Chris peremptorily waves off two more stories: “But even stories that appear to emphasize Kurtzman’s anti-war leanings, like ‘Rubble!’ or ‘Dying City!’ (done with Alex Toth) paint [the] Communist side in such simplistic, negative terms (leaving the Americans to always come off as [the] sympathetic guys who fight because they have to, gosh darn it, not cause they want to) that it’s hard to feel as thought there isn’t more than a little flag-waving going on in the background.”

I see no flag-waving in either story. Quite the opposite: both sides are implicated in the two stories. In “Rubble!” the Chun family builds a home — meticulously shown over three pages of seven panels each — which is destroyed by “a single artillery blast” in one panel. When the U.N. (i.e., the U.S.) rolls in looking for a good position for a gun emplacement, they dispassionately bulldoze the remains of the house (and the family, earlier shown killed beneath the debris!) and put up their 155 mm cannon so that they can pummel the enemy — showing how war reduces both sides’ actions to sheer utility, and thereby diminishes their humanity. The last panel shows that the gun has been moved again, presumably to a more strategic location; the fate of the Chun family is a matter of complete indifference to both sides.

“Dying City!” is from Two-Fisted Tales #22 (July – Aug. 1951) Story by Harvey Kurtzman, art by Alex Toth.

In “Dying City,” collateral damage is again the subject: A young patriotic North Korean zealot leaves his family in Suwon and eagerly goes to war — a sickeningly familiar scenario in every country that goes to war. When he returns, he finds that his father was “accidentally” killed by his own side, and he himself is subsequently blinded by a bomb dropped from an American plane. In the last panel, “American tanks roll into the blackened ruins of Suwon! Once more, the city has changed hands! The black smoke from burning oil of blasted war machines rolls over the sky, and amidst the rubble, an old man mumbles to a North Korean soldier whose body grows cold and begins to stiffen with rigor mortis!” Whose flag is being waved here?

Both stories can be faulted artistically (I could certainly do without all those exclamation points!). I see them more as being compressed than simplistic, and they could perhaps be more profitably interpreted as fables than as naturalistic war stories. But, in these two stories — “Rubble!” and “Dying City!” — Kurtzman demonstrates an admirable empathy toward both sides of the conflict, and in seven short pages tells eloquent and humane stories remarkably — though perhaps not entirely — free of ideological bias.

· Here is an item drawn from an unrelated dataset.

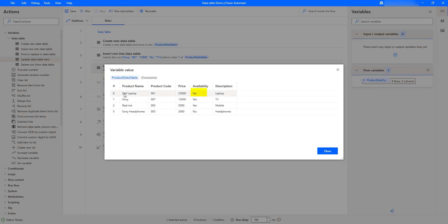In the output, for row one — that is index zero — we have Dell laptop, product code 001, and price 25000. Previously the availability was Yes, but now we have updated it to No using the Update Data Table Item action. The column index was 3 because the index starts from zero: product name is 0, then 1, 2, and 3 for availability. Similarly for rows, row one is index zero, row two is index one, row three is index two.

To bring us back to the original question of where EC resides in the history of comics: As I said, EC’s flaws are pretty obvious: Even when the artists were striving for greater seriousness than the ironic gore of the horror stories or the outrageous early sci-fi plots or even the clever but predictable crime and suspense stories, the writing was often overwrought, prolix, and ham-fisted, and the artists were straightjacketed by EC’s rigid visual grid (which Kurtzman and Craig avoided by writing their own stories, and Krigstein rebelled against time and time again).

They were Entertaining Comics first and foremost, but they also seemed compelled to break out of their commercial formulas, however finely realized, and publish stories that were fiercely honest, politically adversarial, visually masterful, and occasionally formally innovative. But, taken as a whole, the company’s output was a mixed bag. I don’t think that there’s any question that the language of the medium has grown and matured since the time of EC Comics, and that in the hands of comparable craftsman today, comics have become more eloquent and nuanced than Bill Gaines, Al Feldstein, and the artists who worked with them could imagine — or perhaps as eloquent and nuanced as they could imagine, which would’ve been no small feat in 1950.